The materials industry also has a number of unique products. “We have a lot of orders from developed countries like Japan and Germany,” Park said, adding that he expects the company to grow faster when demand explodes. To this end, he added, “We are making every effort to automate and prepare facilities.”
A Lion Chemtech employee uses a forklift to move artificial marble to be exported overseas. Daejeon=Yoon Hyun-joo Reporter
“Considering establishing a Seoul office and investment company within the year… Aggressive sales”
The company also plans to revise its marketing strategy. Although the company is dealing with large construction companies, it is considering establishing an office in Seoul and an investment company within the year to expand sales. “As an engineer for 50 years, I’ve only worked in manufacturing, but I’m determined to trust young employees and make aggressive sales,” Park said. “We need to take a long view of the technology battle,” he said, “analyze companies across the country, and strengthen what’s lacking.”
Collaborations with other companies are also in the works. “I’m not a stubborn person. I am always open-minded,” he said. “We will find small and medium-sized enterprises with technology and find a way to synergize our business.” “I am also open to selling if there is an acquirer who can pay the right price,” he said. However, he added, “We will stay away from unscrupulous acquirers or those who want to take advantage of capitalless forces토토사이트.”
Synthetic wax sold by Lion Chemtech.

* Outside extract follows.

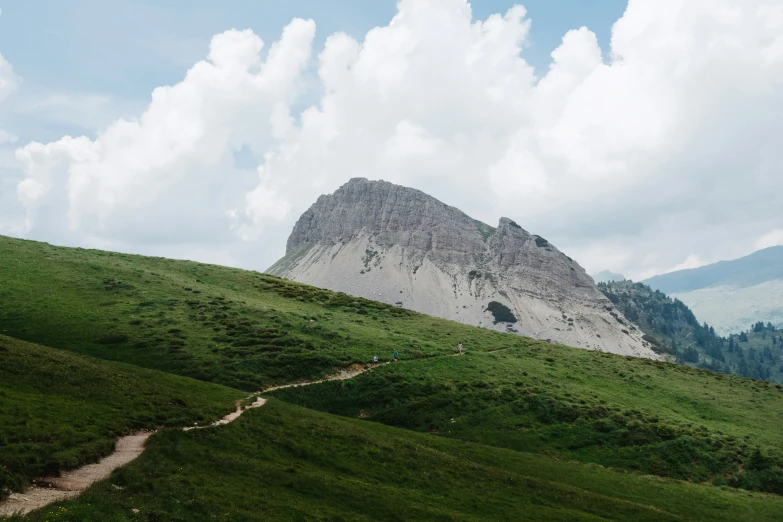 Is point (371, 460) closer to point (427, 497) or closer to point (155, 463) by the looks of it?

Synthetic wax is a substance that is an additive to all substances, just like licorice in Chinese medicine. Daejeon=Yoon Hyun-joo Reporter
The company still plans to pursue mergers and acquisitions (M&A) of unlisted companies in the chemical and secondary battery industries with similar business lines. Lion Chemtech is currently developing plastic composite materials for electric vehicle batteries with 4.2 billion won in research support from the government. In fact, we have been in contact with several companies, but the principle is to avoid unreasonable acquisitions. This is because he was born as the second son of seven children in a poor family and suffered a lot in his youth, so he made a firm decision to ‘never be poor again’.
Inside Lion Chemtech Factory 2, a 10-minute drive from Lion Chemtech Factory 1. It mainly makes synthetic wax. Daejeon=Yoon Hyun-joo Reporter
Lion Chemtech’s financial position is also good, making it a well-known company in Daejeon. As of the end of last year, it had 25 billion won in cash, and its debt-to-equity ratio was in the 20s. The value of its real estate is estimated by the market at 100 billion won. This includes the Daejeon headquarters and 10,000 pyeong of factory 1, 4500 pyeong of factory 2 in Pyeongchon-dong, Daejeon, 3000 pyeong of factory 3 in Ochang, and 12,000 pyeong of factory site in Sejong. The company has been operating in the black for 15 years, from 2008 to last year. It pays a final dividend of 200 won per share every year. The market dividend rate was 2.80% at the end of last year, which is 0.5 percentage points higher than the average of 2.3% for listed companies in 2021.
Graph of Lion Chemtech’s stock price.
Meanwhile, Park has two sons and one daughter, but they have no interest in management, so his brother-in-law Park Sang-won is the only family member in the company. “There are about 240 employees at Lion Chemtech,” Park said, “and I am thinking every day about how to develop the company in the long term with a sense of responsibility.”